FeedbackとFeedforwardを上手く使う

暑い日が続きます。関東の梅雨明けは近そうです。

 

「フィードバック」の話は以前にもしましたね。今日はそれを少し拡大して話を展開したいと思います。

フィードバックとはそもそも既に起こった過去のことに対して、評価なり反省なり振り返りなどを行い将来に活かす考え方です。例えば360度評価などもフィードバックですね。私が以前に書いたことは、周りの人からフィードバックもらうことの大切さでした。特に日本人は、フィードバックをもらうことが苦手だと思います。特に男性性の強い人は受け取ることが苦手で、素直に対処できません。とても前向きな指摘だろうが、そんなことはない…とネガティブな反応をする人が多いと感じます。しかし、フィードバックはとても貴重です。自分と相手との間に信頼関係があるならば、積極的にフィードバックをもらうべきだと思います。ほとんどの場合、自分からキックせずに相手から自然とフィードっバクをしてくれるということはないと思います。これも日本人の奥ゆかしいところですね。「あなた○○ですよね」など言うのはとても不躾だと思っているのでしょう。であるなら、「私のさっきの◇◇どう思いました?」と自分から投げかけてみてはいかがでしょうか。そのフィードバックはあなたの未来にとても大切な気づきを与えてくれるでしょう。“今だ!”というチャンスを逃さないで自分からキックしてください。その際大切なことは、先ほどの信頼関係です。即ち二人の間に心理的安全性」が構築されていることです。「心理的安全性」は近年よく言われるようになったことですが、皆さん「耳タコ」だよと思っている方も多いと思いますが、多くの方は舐めていると思います。とても大切な概念です。人間関係に「心理的安全性」がなければDEIも存在しませんし、コラボレーションやイノベーションは起きませんし、利他的な行動で満ち溢れるなどということもないでしょう。もう一つ大切なことは、折角もらったフィードバックはポジティブとは限らないことです。当たり前ですよね。多くの方はネガティブと受け止めてしまうかもしれない指摘は、とてもあなたの人生にとって貴重なはずです。人間は利己で溢れています。勝手に自分を美化し、自分の行動は理解されていると勘違いしています。真に理解されているなどということはないのです。なぜなら、皆さんは周りの人たちに真の自己開示ができていないからです。愕然とするようなフィードバックをもらったときに、あなたはそれをクリアな心で受け止められますか? 「え? そんな風に受け止められていたんだ」と驚くだけならまだしも、相手を恨んだりするようなことにもなりかねません。「狭量」が露呈するわけです。その時点で自らの大きな反省材料だと気付くべきですが、多くの人はそう思わないでしょう。申し上げたいのは、フィードバックはあなたとは別な目で見た鏡に写った正しいあなたの姿だということです。あなたの思惑通り相手が受け止めるなどということ自体が珍しいと気付くべきです。それに気付いたことだけでも、とても有効な経験をしたと受け取るべきです。「受け取る力」は大変重要な人の器です

フィードバックは積極的に受け止めるべきですし、それは多い方がよいと思います。私はそんなことすら最近になって気付きました。もちろん、フィードバックはある程度頂いていましたが、決して積極的に取りに行くことはなかったですし、たまたま頂いたフィードバックも素直に受け止められませんでした。もっと、若いときに気付くべきだったと反省しています。

 

さて、今回の話の展開は、もう一つフィードフォワードです。先ほどの過去に起きたことを対象にする「フィードバック」と違って未来に対するアドバイスです。将来成功を勝ち取るために何をすべきかなど、前向きな議論をすることでもあるわけです。過去は変えられませんが、未来は自分で作れますね。それを対象にすることはとても前向きですし建設的です。

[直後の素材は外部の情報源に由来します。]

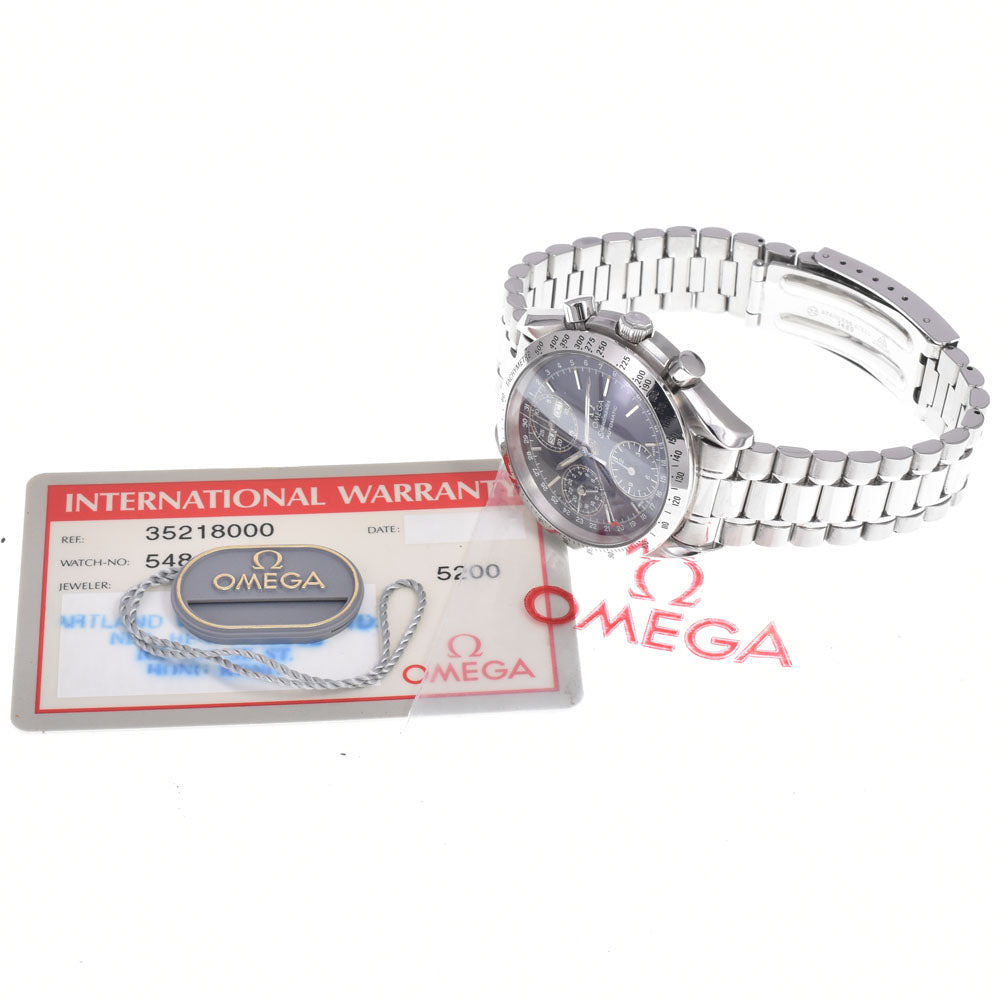 with paper OMEGA Speedmaster 3521.80 Triple calendar blue Dial Automatic Men's
 Watch K#150585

私は、コーチングの際クライアントにこんな質問を投げかけます。クライアントがあることを成功させたいと悩んでいたとすると、「それを成し遂げるために効果のあることを30個挙げてください」というように。多くのクライアントは数個で手が止まります。やはり固定観念やバイアスがあるからでしょう。勝手にブレーキを踏んでしまうのです。少しでも可能性のあることを全部出すようにお願いします。こんなこともありますよね、あんなこともありますよねと指摘すると一気に視野が広がります。その調子!と背中を押します。そして、ホワイトボードにたくさん出たイデアを見ると、トンネルの先に光が見えたような気持になります。そうです。アイデアが出尽くしたら、もうゴールまで半分進んだようなものなのです。あとは何を選ぶか、どのような順番で実行するか、いつやるかなどを考えればよいのです。ステージが一気に進むわけです。何から手を付けたらよいかすら気付かなかったときからすると、凄い進展ですね。すぐできるもの、できないもの、マグニチュード(効果)が大きいものや小さなもの、経営資源が足りないもの、いろいろな条件があり、それを考えたうえで、どうするかを決めればよいのです。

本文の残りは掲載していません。